# Off-Diagonal Hamiltonian elements

1. Dec 15, 2009

### cowrebellion

Hello,

I just have a quick question about Quantum Mechanics. It's probably a bit basic but I'm trying to get my head around the off-diagonal Hamiltonian elements of a perturbation. We can assume the unperturbed Hamiltonian to be degenerate.

If I have a Hamiltonian
$$H=H_{0}+H'$$
where the perturbation contains off-diagonal elements what physical meaning does that have?

edit: When i say the off-diagonal elements I mean the off-diagonal elements of:
<nr|H'|ns> where r,s represent the degeneracy. Sorry!

I know not having the off-diagonal matrix elements in the perturbation remove the degeneracy (at least to first order in perturbation theory).

If they remain what is the physical meaning? I think it has to do with the various states interating in some way but I'm not sure. Any help on this would be great!

Last edited: Dec 15, 2009
2. Dec 15, 2009

### cowrebellion

Actually I've just been thinking about it and I think it just has to do with interaction energies between states.
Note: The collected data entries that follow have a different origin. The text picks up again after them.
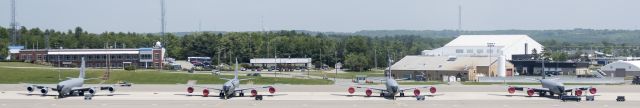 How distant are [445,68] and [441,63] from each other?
155 inches

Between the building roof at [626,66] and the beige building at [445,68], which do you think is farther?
the building roof at [626,66]

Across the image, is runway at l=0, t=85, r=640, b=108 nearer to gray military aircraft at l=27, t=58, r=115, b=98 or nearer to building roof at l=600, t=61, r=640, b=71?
gray military aircraft at l=27, t=58, r=115, b=98

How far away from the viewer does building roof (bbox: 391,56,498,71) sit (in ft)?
492

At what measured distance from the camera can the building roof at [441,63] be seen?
15000 centimetres

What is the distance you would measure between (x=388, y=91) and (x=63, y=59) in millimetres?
107153

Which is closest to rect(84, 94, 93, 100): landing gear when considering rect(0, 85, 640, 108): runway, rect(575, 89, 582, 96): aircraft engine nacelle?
rect(0, 85, 640, 108): runway

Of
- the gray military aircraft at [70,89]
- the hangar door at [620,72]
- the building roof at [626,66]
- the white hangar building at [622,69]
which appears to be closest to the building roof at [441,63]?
the white hangar building at [622,69]

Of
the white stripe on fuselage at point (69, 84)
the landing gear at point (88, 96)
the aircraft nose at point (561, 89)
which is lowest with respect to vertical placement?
the landing gear at point (88, 96)

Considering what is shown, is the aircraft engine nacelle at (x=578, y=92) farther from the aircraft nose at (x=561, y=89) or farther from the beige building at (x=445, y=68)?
the beige building at (x=445, y=68) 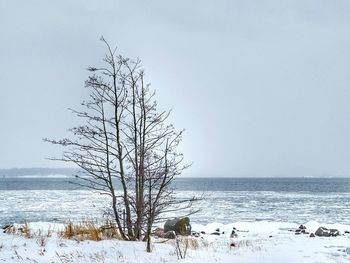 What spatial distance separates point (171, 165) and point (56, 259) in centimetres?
448

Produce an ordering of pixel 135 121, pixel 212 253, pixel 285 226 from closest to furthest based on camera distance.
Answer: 1. pixel 212 253
2. pixel 135 121
3. pixel 285 226

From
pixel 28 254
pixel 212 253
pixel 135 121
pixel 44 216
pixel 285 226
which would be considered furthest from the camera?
pixel 44 216

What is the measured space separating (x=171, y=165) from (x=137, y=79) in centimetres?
312

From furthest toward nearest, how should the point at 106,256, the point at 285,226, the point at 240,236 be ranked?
the point at 285,226 < the point at 240,236 < the point at 106,256

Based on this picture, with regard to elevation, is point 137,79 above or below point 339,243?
above

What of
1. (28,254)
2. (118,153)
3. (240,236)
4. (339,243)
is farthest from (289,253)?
(240,236)

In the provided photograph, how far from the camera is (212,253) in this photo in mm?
12359

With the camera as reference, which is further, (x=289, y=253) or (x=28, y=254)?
(x=289, y=253)

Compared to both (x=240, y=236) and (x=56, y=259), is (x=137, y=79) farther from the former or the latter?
(x=240, y=236)

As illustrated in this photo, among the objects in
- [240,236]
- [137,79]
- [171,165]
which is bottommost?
[240,236]

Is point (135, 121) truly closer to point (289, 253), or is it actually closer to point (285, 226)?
point (289, 253)

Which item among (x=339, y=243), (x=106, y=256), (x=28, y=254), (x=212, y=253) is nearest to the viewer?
(x=28, y=254)

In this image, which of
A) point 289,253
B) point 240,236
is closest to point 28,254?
point 289,253

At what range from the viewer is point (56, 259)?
9867 millimetres
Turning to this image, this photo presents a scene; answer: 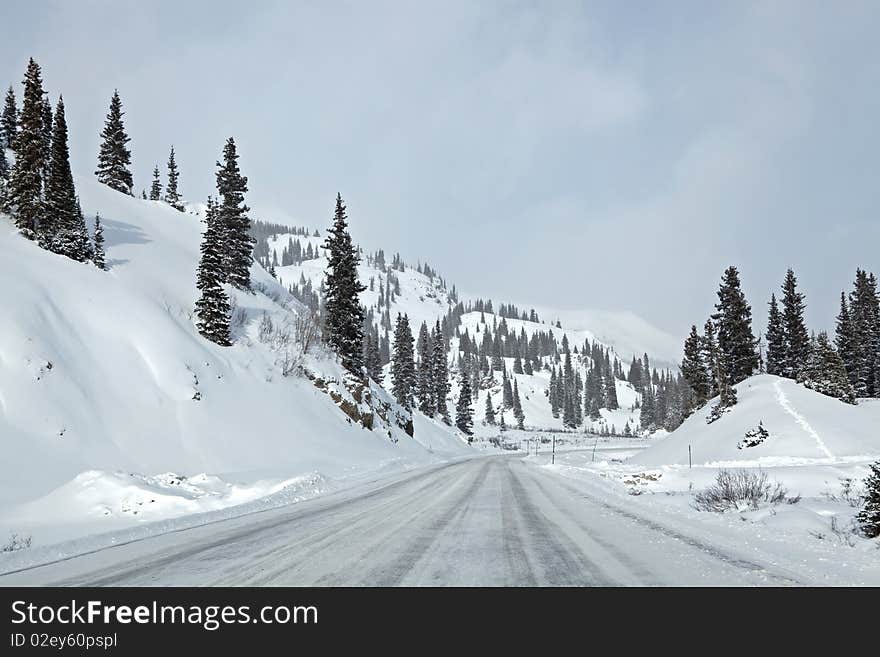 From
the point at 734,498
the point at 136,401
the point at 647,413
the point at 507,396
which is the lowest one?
the point at 647,413

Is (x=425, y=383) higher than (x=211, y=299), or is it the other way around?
(x=211, y=299)

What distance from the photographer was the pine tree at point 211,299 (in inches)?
1178

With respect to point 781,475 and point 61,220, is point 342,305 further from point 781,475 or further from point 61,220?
point 781,475

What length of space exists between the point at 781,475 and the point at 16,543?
953 inches

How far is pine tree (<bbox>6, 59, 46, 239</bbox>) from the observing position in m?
27.1

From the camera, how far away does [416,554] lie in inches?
265

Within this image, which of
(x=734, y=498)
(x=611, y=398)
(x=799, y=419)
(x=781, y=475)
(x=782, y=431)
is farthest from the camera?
(x=611, y=398)

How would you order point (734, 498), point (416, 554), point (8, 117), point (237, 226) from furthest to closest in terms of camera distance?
1. point (8, 117)
2. point (237, 226)
3. point (734, 498)
4. point (416, 554)

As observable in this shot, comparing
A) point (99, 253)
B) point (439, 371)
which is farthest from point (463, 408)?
point (99, 253)

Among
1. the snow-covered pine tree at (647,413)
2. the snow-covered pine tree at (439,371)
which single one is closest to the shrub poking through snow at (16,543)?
the snow-covered pine tree at (439,371)

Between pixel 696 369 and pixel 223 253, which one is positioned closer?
pixel 223 253

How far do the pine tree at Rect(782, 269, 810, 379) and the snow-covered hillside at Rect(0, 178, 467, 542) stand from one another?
52938 mm

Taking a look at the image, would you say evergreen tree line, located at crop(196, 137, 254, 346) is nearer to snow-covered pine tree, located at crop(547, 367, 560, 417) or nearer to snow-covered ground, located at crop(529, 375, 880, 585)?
snow-covered ground, located at crop(529, 375, 880, 585)

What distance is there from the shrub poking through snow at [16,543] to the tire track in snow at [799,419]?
119 ft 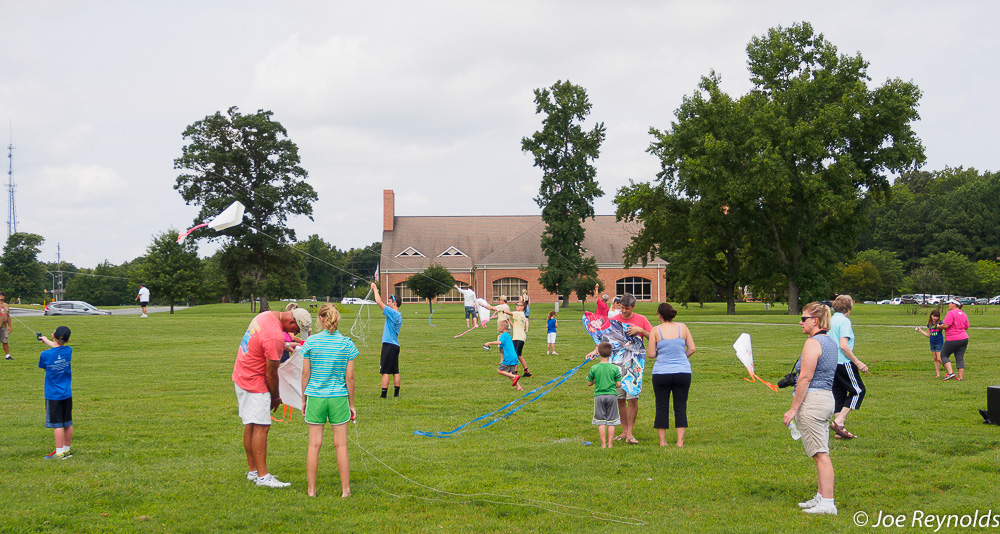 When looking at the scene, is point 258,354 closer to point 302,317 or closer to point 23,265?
point 302,317

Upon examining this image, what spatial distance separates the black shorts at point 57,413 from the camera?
8.38 metres

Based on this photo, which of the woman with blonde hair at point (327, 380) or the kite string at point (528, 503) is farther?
the woman with blonde hair at point (327, 380)

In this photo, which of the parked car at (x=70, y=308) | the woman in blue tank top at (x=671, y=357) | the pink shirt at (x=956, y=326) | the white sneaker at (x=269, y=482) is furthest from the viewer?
the parked car at (x=70, y=308)

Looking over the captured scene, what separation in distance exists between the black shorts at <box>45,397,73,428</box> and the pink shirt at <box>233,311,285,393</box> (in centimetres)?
292

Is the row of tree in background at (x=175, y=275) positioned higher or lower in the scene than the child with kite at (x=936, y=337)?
higher

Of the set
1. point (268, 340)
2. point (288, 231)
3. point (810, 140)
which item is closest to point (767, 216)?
point (810, 140)

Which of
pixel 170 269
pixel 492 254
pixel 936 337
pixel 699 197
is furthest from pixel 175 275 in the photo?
pixel 936 337

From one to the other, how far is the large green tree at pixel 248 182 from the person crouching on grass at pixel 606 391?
1876 inches

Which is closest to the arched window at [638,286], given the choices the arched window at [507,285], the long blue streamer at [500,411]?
the arched window at [507,285]

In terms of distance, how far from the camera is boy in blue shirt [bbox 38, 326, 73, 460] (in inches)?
328

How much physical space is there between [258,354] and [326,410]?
0.90m

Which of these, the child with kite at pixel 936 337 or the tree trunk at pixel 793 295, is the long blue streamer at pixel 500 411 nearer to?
the child with kite at pixel 936 337

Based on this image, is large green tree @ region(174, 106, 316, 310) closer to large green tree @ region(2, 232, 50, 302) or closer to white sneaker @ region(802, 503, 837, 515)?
large green tree @ region(2, 232, 50, 302)

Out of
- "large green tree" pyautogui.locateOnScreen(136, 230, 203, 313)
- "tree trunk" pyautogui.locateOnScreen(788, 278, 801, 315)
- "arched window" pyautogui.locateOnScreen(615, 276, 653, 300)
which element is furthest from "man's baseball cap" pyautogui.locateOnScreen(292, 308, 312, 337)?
"arched window" pyautogui.locateOnScreen(615, 276, 653, 300) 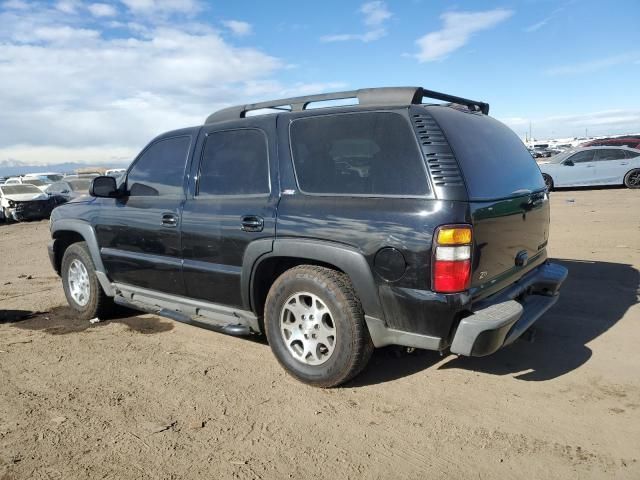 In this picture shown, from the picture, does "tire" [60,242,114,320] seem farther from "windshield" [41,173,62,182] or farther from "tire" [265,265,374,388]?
"windshield" [41,173,62,182]

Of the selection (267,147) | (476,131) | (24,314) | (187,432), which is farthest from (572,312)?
(24,314)

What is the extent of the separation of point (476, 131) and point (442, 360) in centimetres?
176

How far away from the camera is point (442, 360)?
3922mm

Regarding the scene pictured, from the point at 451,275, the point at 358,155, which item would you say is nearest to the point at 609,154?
the point at 358,155

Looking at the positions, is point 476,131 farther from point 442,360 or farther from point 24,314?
point 24,314

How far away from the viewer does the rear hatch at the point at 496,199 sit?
118 inches

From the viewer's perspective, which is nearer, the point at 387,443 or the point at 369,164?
the point at 387,443

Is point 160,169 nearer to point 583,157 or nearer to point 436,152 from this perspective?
point 436,152

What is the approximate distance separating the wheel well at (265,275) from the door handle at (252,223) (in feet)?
0.78

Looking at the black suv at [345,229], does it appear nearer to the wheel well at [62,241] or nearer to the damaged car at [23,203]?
the wheel well at [62,241]

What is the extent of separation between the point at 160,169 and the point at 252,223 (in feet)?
4.57

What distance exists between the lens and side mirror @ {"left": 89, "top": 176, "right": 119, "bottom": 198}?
15.2ft

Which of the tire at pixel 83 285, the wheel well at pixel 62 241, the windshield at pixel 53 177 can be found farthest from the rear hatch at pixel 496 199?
the windshield at pixel 53 177

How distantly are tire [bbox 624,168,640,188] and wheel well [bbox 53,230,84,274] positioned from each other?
1735 centimetres
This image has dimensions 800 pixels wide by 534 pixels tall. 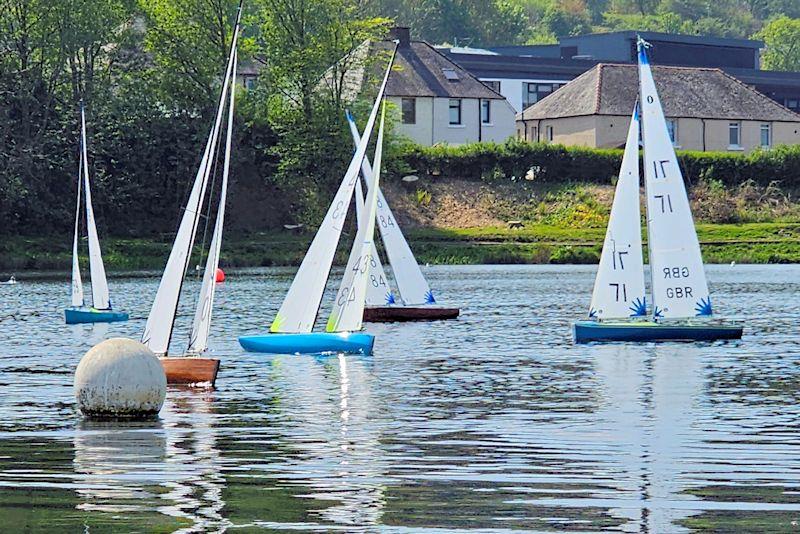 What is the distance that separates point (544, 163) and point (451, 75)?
15869 mm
Is this correct?

3. Dec 15, 2009

### sokrates

Yes.

You can think of it as the "mixing" between your pure energy eigenstates. If there's coupling between degenerate states, as you show in your Hamiltonian, this means that there will be a coupling between these degenerate states.

A good physical example is spin-orbit coupling where the degenerate spin levels are coupled via Rashba Hamiltonian for instance...

Other off-diagonal elements may correspond to scattering elements in the Hamiltonian, but of course the mixing need not be between different levels, it could be between degenerate levels (most commonly spin) also, just as in your example.

4. Dec 15, 2009

### cowrebellion

Thanks for the reply I think It's all slowly falling into place.

I've not heard of the Rashba Hamiltonian but I'll try find it in a text book somewhere.

Thanks again for the help!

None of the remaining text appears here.